May Book Club Meeting: Drug Cartels Do Not Exist by Oswaldo Zavala

Start: 2025-05-04 15:00:00 UTC Central Standard Time (US & Canada) (GMT-06:00)

End: 2025-05-04 16:30:00 UTC Central Standard Time (US & Canada) (GMT-06:00)

A link to attend this virtual event will be emailed upon RSVP

Illustration of a person with pink hair and glasses opening a book while bright yellow and green light comes out from the pages. Text in a graffiti style reads, "OKC DSA Book Club, 1 Sunday each month, 4:00-5:30pm"

Join us for our May Book Club meeting where we'll discuss "Drug Cartels Do Not Exist" by Oswaldo Zavala.

Click here to check this book out from the Metropolitan Library System

Synopsis from Vanderbilt University Press:

"Through political and cultural analysis of representations of the so-called war on drugs, Oswaldo Zavala makes the case that the very terms we use to describe drug traffickers are a constructed subterfuge for the real narcos: politicians, corporations, and the military. Though Donald Trump's incendiary comments and monstrous policies on the border revealed the character of a deeply depraved leader, state violence on both sides of the border is nothing new. Immigration has endured as a prevailing news topic, but it is a fixture of modern society in the neoliberal era; the future will be one of exile brought on by state violence and the plundering of our natural resources to sate capitalist greed.

Yet the realities of violence in Mexico and along the border are obscured by the books, films, and TV series we consume.

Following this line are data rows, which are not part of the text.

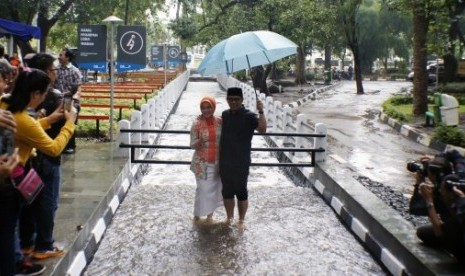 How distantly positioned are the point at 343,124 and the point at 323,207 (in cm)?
1011

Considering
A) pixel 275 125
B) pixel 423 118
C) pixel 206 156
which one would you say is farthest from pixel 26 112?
pixel 423 118

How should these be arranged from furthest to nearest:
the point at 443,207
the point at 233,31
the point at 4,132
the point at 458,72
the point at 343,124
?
the point at 458,72 → the point at 233,31 → the point at 343,124 → the point at 443,207 → the point at 4,132

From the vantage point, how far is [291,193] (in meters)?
8.64

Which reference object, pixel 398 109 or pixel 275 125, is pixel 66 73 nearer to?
pixel 275 125

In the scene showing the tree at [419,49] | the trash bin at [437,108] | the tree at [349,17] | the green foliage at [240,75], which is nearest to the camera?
the trash bin at [437,108]

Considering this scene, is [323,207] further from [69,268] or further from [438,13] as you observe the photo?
[438,13]

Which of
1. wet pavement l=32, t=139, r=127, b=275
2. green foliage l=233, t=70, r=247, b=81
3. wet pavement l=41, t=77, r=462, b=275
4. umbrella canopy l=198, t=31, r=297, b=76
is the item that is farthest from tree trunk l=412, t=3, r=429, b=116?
green foliage l=233, t=70, r=247, b=81

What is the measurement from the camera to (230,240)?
6176 millimetres

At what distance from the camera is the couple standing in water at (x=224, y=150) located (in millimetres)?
6078

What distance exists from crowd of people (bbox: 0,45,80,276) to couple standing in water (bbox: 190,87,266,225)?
168 cm

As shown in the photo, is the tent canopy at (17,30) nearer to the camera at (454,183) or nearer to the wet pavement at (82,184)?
the wet pavement at (82,184)

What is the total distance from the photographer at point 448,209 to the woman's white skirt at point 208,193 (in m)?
2.48

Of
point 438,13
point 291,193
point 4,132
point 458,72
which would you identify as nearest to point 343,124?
point 438,13

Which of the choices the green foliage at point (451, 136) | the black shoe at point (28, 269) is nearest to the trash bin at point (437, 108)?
the green foliage at point (451, 136)
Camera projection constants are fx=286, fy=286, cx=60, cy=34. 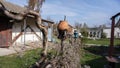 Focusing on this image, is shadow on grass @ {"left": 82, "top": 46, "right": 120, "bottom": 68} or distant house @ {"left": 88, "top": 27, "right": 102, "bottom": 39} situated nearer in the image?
shadow on grass @ {"left": 82, "top": 46, "right": 120, "bottom": 68}

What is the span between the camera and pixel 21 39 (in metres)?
24.8

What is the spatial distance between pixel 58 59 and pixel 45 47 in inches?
14.4

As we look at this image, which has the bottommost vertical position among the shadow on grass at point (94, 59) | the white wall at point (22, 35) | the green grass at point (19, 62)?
the shadow on grass at point (94, 59)

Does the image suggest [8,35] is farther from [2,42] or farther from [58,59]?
[58,59]

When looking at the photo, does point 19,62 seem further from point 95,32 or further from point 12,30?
point 95,32

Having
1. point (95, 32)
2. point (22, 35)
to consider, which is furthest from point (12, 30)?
point (95, 32)

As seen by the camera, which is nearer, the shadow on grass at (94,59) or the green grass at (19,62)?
the green grass at (19,62)

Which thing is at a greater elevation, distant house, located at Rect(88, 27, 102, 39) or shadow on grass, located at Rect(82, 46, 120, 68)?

In truth, works like Sicario, The Queen of the South, and Narcos hide Mexico's political realities. Alongside these examples, Zavala discusses Charles Bowden, 2666 by Roberto Bolaño, and other important Latin American writers as examples of those who do capture the realities of the drug war.

Translated into English by William Savinar, Drug Cartels Do Not Exist will be useful for journalists, political scientists, philosophers, and writers of any kind who wish to break down the constructed barriers—physical and mental—created by those in power around the reality of the Mexican drug trade."